The house was renovated preserving with love the details and features of its era; climb the staircase with the granite steps and the wrought iron handrail, after crossing the double-edged wooden door and the liberty glass door. Discreetly inserted modern comforts, electric blinds, double glazing vasistas, timed lights ...



At the entrance and the area reserved for breakfast is the library that has also become the logo of the B & B, where you can consult tourist guides and information of Milan and beyond.


“In my travels in Australia I have often had the privilege of visiting remote aboriginal communities where I have been able to directly support the artists by purchasing their works.
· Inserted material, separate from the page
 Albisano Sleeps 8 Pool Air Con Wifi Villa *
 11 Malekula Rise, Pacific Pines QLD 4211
Every aboriginal painting in the B & B tells a different story ...”
                                                            
"Summer Heat" by the artist Ingy Roser (Ingy's Originals, Aboriginal Arts & Craft, Robina, Queensland, Australia), which you will find over the bed of the "Yellow" room.

"Clapping Stick, Coolamon, Digging Stick & Digeridoo" by Katie Lerla (Laarri Gallery, Yiyili Community, Halls Creek, Kimberley, Western Australia), also in the Yellow Room.
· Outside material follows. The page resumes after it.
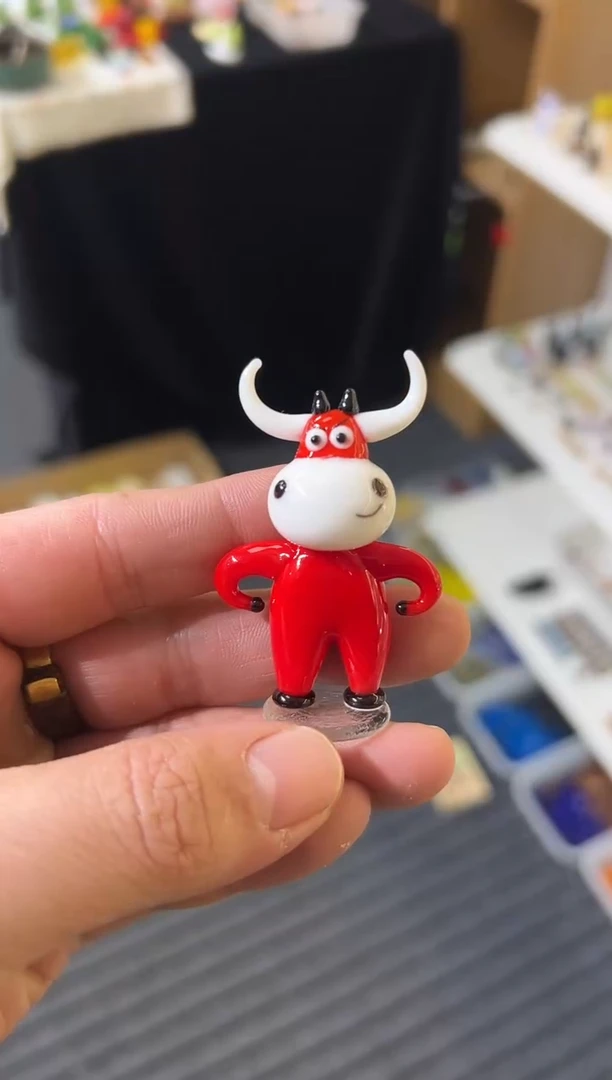 手工艺品琉璃红牛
The "magical" Bush Medicine Leaves by Selina Numina (Utopia, Northern Territory, Australia), located in the breakfast room.

The Gazebo in the garden is lit and heated in winter, and around the hexagonal marble table you can relax, meet other guests ...
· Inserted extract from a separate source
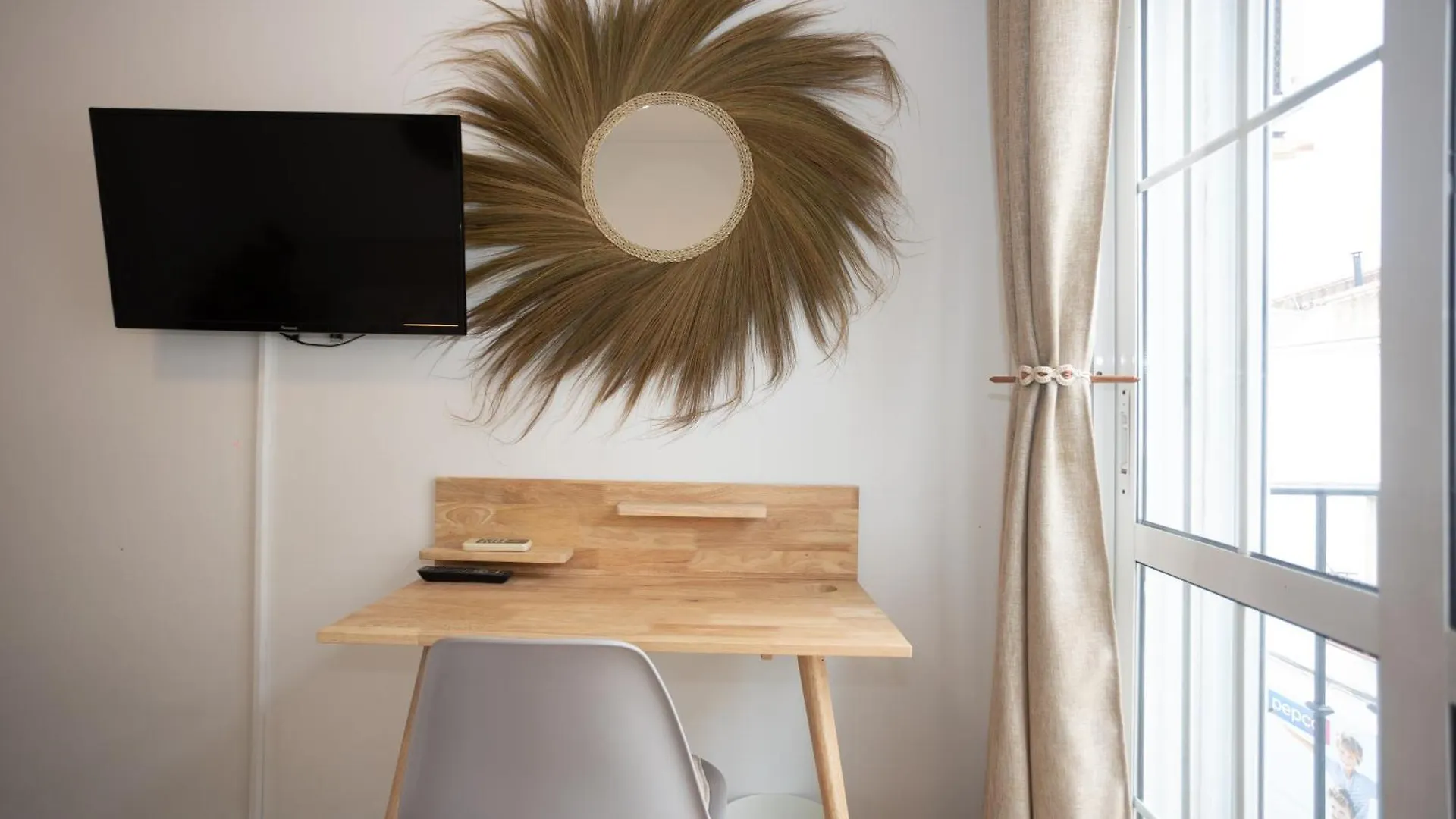Naim Guest House נרחה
The B & B is located in Zone 2, one of the nine districts of the municipal area of Milan, within the perimeter of the Centro Direzionale according to the 1953 regulatory plan. The Maggiolina district owes its name to the ancient homonymous farm that stood along the river Seveso already in the eleventh century.

The house of the B & B belongs historically to the block of the "Postelegraphonic Village". Built in 1920 on a project by the architect Giovanni Broglio from the Società Cooperativa Edificatrice, "La Postelegrafonica" had been created for the employees of the Post Office. Born on the axis of expansion to the north of Milan of the Berutian plan of the beginning of the century, the Village has streets with a sinuous pattern, typical of the Anglo-Saxon city-garden. The villas were born as a new solution compared to the typical popular houses of the first post-war period.

The complete renovation of the villa has been taken care of by the architect Milo Pedrini with love and total respect of the original architectural features, internal and external.

The name assigned to the K34-B&B located in via Keplero, at number 34, is a contraction of the address, i.e. the initial of the street and the street number.